(Beginning of Material provided)
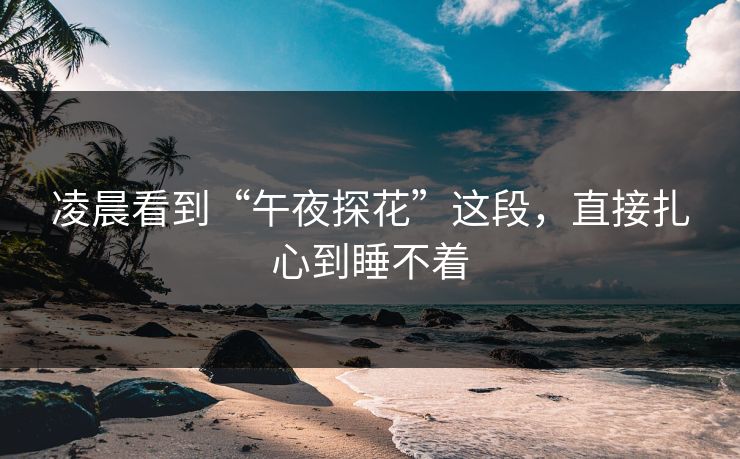 凌晨看到“午夜探花”这段，直接扎心到睡不着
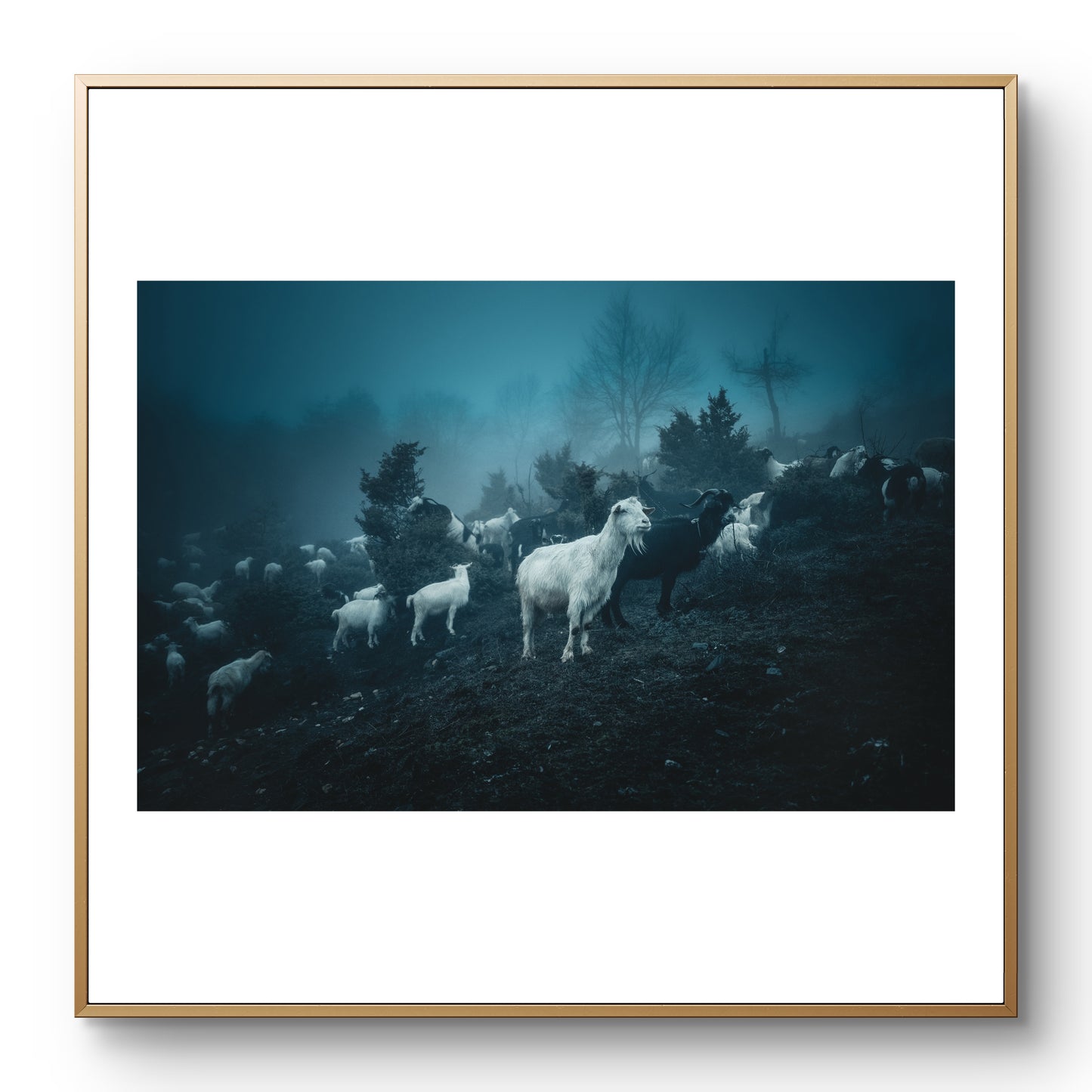 Бели Бродници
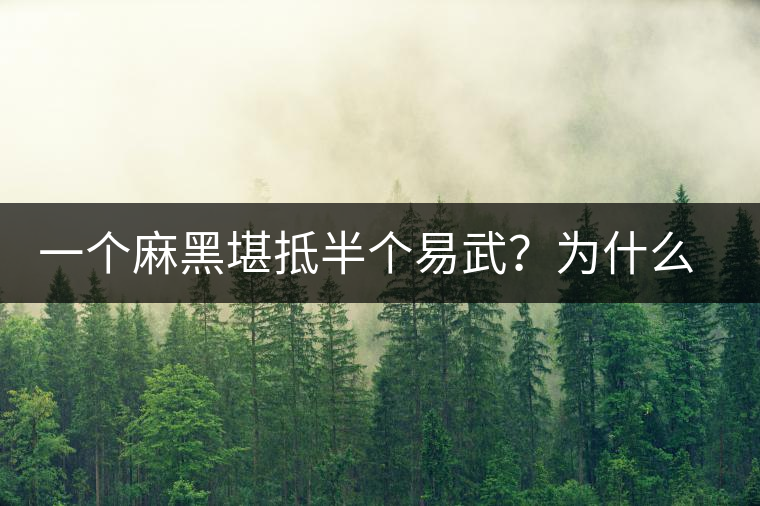 一個麻黑堪抵半個易武？為什么這么好喝？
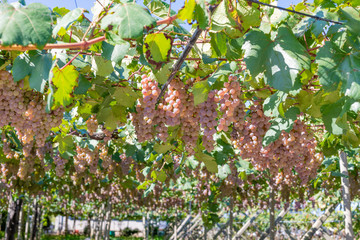 山梨県勝沼ぶどう郷のぶどう棚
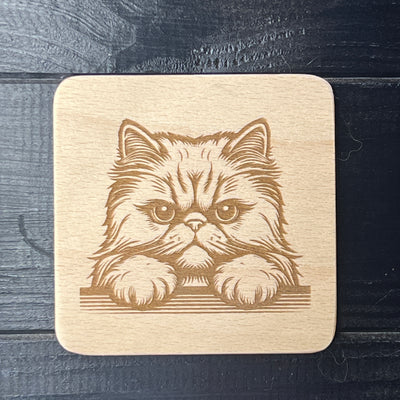 Perská kočka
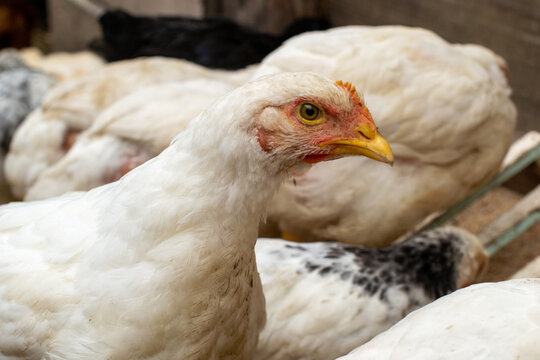 White chick close-up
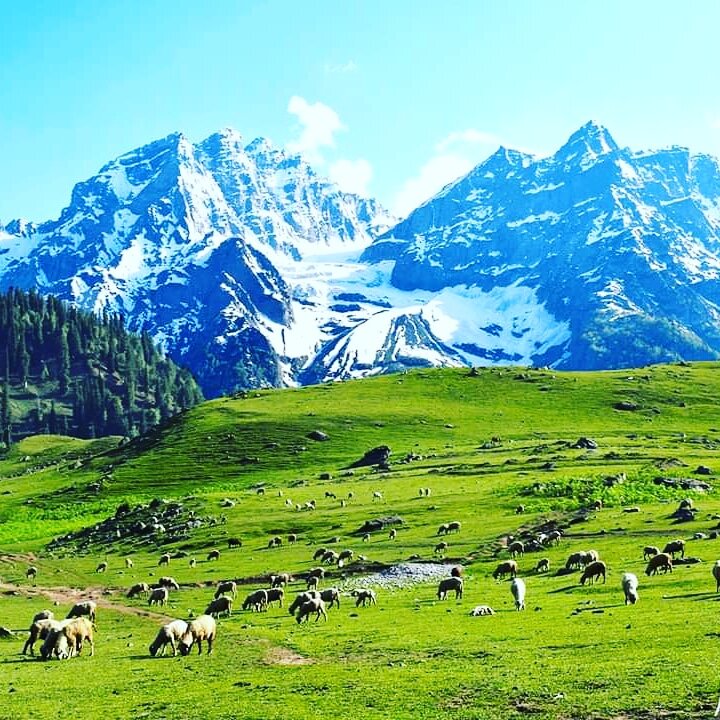 Nathu La Pass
(End of Material provided)
_Exercise description_
Every line from the one with "Бели Бродници" through the end of the records above belongs in the answer, copied exactly; no picture does.

_The answer_
 Бели Бродници
 一個麻黑堪抵半個易武？為什么這么好喝？
 山梨県勝沼ぶどう郷のぶどう棚
 Perská kočka
 White chick close-up
 Nathu La Pass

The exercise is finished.